Fitness_Operator.py

This class is designed to assess replicating features in the population and offspring as well as to provide a fitness factor which allows Natural Selection to differentiate between structures. This class is effectly an interface

class Organisms.GA.Fitness_Operators.Fitness_Operator.Fitness_Operator(fitness_information, population, print_details)

The Fitness class is designed to determine and assign the appropriate fitness value to clusters created during the genetic algorithm. This class can be thought as an extension of the predation Operator. This class contains all the appropriate steps that are needed for the fitnesses to be efficiency assigned to created clusters.

There are only two methods that need to be written for the predation Operator that is to be used. These are:
  • assign_population_fitnesses

  • assign_all_fitnesses

Note: This class is intended to work as an interface only. Refer to the instruction manual as to how to use this interface to build your own predation Operator.

Parameters:
  • fitness_information (dict.) – The informatino needed by the Fitness_Operator

  • population (Organisms.GA.Population) – The population to assign fitnesses to

  • print_details (bool) – Print the details of the energy fitness operator. True if yes, False if no

abstract assign_all_fitnesses_after_assessing_against_predation_operator(all_offspring_pools, current_generation_no, offspring_to_remove)

This method is to be used in the GA program. This will assign all the fitnesses of all clusters in the current generation (population and offspring) after the offspring are assessed to understand if they violate the predation scheme (i.e. an offspring is Class 1 similar to a cluster in the population, or another offspring).

See the description given for the “assign_all_fitnesses” def on what the crux of this method is.

If you write your own diversiy and fitness classes, you do not need to implement this method in your fitness class.

Parameters:
  • all_offspring_pools (list of Organisms.GA.Offspring_Pool) – All of the offspring_pools

  • current_generation_no (int) – The current generation

  • offspring_to_remove (list of int) – a list of all the names of clusters in the offspring that will be removed.

abstract assign_all_fitnesses_after_natural_selection(current_generation_no)

This method is to be used in the GA program. This will assign all the fitnesses to all the clusters in the population before the offspring are assessed to understand if they violate the predation operator (i.e. an offspring is Class 1 similar to a cluster in the population, or another offspring).

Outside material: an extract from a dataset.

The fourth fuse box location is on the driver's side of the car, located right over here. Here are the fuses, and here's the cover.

See the description given for the “assign_population_fitnesses” def on what the crux of this method is.

If you write your own diversiy and fitness classes, you do not need to implement this method in your fitness class.

Parameters:

current_generation_no (int) – The current generation

abstract assign_all_fitnesses_before_assessing_against_predation_operator(all_offspring_pools, current_generation_no)

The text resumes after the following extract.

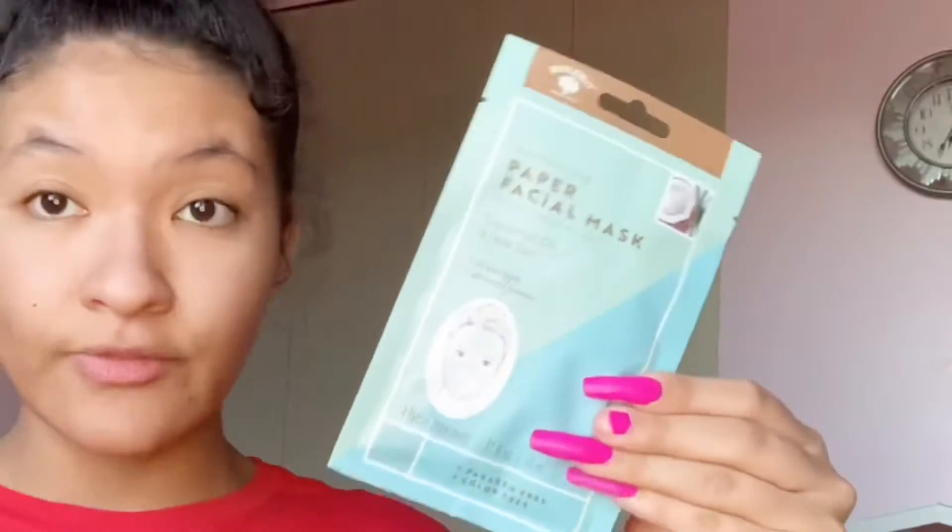And if y'all see my messed up nails, like y'all saw in the intro, I apologize because I do not know how to do nails for the life of me. But let's just get into this video. This is the facial mask I said I was going to try from the Dollar Tree.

This method is to be used in the GA program. This will assign all the fitnesses of all clusters in the current generation (population and offspring) before the offspring are assessed to understand if they violate the predation scheme (i.e. an offspring is Class 1 similar to a cluster in the population, or another offspring).

See the description given for the “assign_all_fitnesses” def on what the crux of this method is.

If you write your own diversiy and fitness classes, you do not need to implement this method in your fitness class.

Parameters:
  • all_offspring_pools (list of Organisms.GA.Offspring_Pool) – All of the offspring_pools

  • current_generation_no (int) – The current generation

abstract assign_initial_population_fitnesses()

This method is designed to assign fitness values to the clusters of the population only at the start of the GA, when the population has been initialised

This is an abstract method. If you write your own diversiy and fitness classes, you MUST write something for this method.

abstract assign_resumed_population_fitnesses(resume_from_generation)

This method is designed to assign fitness values to the clusters of the population only at the beginning of a resumed GA.

This is an abstract method. If you write your own diversiy and fitness classes, you MUST write something for this method.

Parameters:

resume_from_generation (int) – The current generation to resume from.

check()

This method will check that the self.fitness_switch is an available fitness operator.